● **TO DO**:
Produce as output only the lines below starting at the line with "3D-Metall-Emblem für den" and continuing through the line with "Nintendo 3DS in", each one exactly as written.
*** DATA ***
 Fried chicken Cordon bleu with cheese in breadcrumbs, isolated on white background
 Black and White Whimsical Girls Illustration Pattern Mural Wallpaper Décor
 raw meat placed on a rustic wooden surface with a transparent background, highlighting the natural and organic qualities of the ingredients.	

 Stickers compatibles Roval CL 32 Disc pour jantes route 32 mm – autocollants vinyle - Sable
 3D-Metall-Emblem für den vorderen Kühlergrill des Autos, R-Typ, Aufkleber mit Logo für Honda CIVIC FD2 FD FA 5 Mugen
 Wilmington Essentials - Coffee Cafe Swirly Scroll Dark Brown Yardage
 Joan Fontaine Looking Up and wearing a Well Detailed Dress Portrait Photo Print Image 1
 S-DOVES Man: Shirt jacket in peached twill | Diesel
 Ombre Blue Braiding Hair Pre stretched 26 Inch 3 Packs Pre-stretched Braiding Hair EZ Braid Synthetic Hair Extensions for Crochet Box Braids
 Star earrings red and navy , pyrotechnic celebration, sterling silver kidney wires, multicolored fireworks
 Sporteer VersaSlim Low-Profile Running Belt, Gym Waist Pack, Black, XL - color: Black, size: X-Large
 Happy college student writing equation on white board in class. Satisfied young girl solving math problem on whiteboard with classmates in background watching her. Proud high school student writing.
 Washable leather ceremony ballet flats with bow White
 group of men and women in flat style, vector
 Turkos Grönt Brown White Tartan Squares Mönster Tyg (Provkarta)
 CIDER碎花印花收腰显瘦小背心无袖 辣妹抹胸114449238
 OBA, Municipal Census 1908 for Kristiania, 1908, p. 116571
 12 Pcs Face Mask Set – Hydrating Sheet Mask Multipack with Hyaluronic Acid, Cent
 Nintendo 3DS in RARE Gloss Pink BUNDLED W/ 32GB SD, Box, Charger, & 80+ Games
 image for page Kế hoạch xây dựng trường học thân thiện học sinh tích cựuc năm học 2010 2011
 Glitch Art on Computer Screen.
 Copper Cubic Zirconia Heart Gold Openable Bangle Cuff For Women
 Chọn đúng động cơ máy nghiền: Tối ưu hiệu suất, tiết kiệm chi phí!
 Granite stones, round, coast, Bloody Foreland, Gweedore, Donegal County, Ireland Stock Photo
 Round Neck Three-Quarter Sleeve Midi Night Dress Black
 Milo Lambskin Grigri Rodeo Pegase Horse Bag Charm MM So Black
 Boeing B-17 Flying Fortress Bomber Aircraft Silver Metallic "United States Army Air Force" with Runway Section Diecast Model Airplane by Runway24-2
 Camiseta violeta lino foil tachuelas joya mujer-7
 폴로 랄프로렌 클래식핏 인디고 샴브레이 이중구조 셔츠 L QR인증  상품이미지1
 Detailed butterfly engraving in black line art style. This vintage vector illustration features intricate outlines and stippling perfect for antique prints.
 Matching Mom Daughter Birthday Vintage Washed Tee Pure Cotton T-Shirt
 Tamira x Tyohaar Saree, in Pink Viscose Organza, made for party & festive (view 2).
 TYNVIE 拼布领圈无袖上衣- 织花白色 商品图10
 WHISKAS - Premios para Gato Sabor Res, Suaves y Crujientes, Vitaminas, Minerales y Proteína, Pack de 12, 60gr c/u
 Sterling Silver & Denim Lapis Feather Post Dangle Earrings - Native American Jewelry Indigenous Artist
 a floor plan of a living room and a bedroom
***
● **FINAL ANSWER**:
 3D-Metall-Emblem für den vorderen Kühlergrill des Autos, R-Typ, Aufkleber mit Logo für Honda CIVIC FD2 FD FA 5 Mugen
 Wilmington Essentials - Coffee Cafe Swirly Scroll Dark Brown Yardage
 Joan Fontaine Looking Up and wearing a Well Detailed Dress Portrait Photo Print Image 1
 S-DOVES Man: Shirt jacket in peached twill | Diesel
 Ombre Blue Braiding Hair Pre stretched 26 Inch 3 Packs Pre-stretched Braiding Hair EZ Braid Synthetic Hair Extensions for Crochet Box Braids
 Star earrings red and navy , pyrotechnic celebration, sterling silver kidney wires, multicolored fireworks
 Sporteer VersaSlim Low-Profile Running Belt, Gym Waist Pack, Black, XL - color: Black, size: X-Large
 Happy college student writing equation on white board in class. Satisfied young girl solving math problem on whiteboard with classmates in background watching her. Proud high school student writing.
 Washable leather ceremony ballet flats with bow White
 group of men and women in flat style, vector
 Turkos Grönt Brown White Tartan Squares Mönster Tyg (Provkarta)
 CIDER碎花印花收腰显瘦小背心无袖 辣妹抹胸114449238
 OBA, Municipal Census 1908 for Kristiania, 1908, p. 116571
 12 Pcs Face Mask Set – Hydrating Sheet Mask Multipack with Hyaluronic Acid, Cent
 Nintendo 3DS in RARE Gloss Pink BUNDLED W/ 32GB SD, Box, Charger, & 80+ Games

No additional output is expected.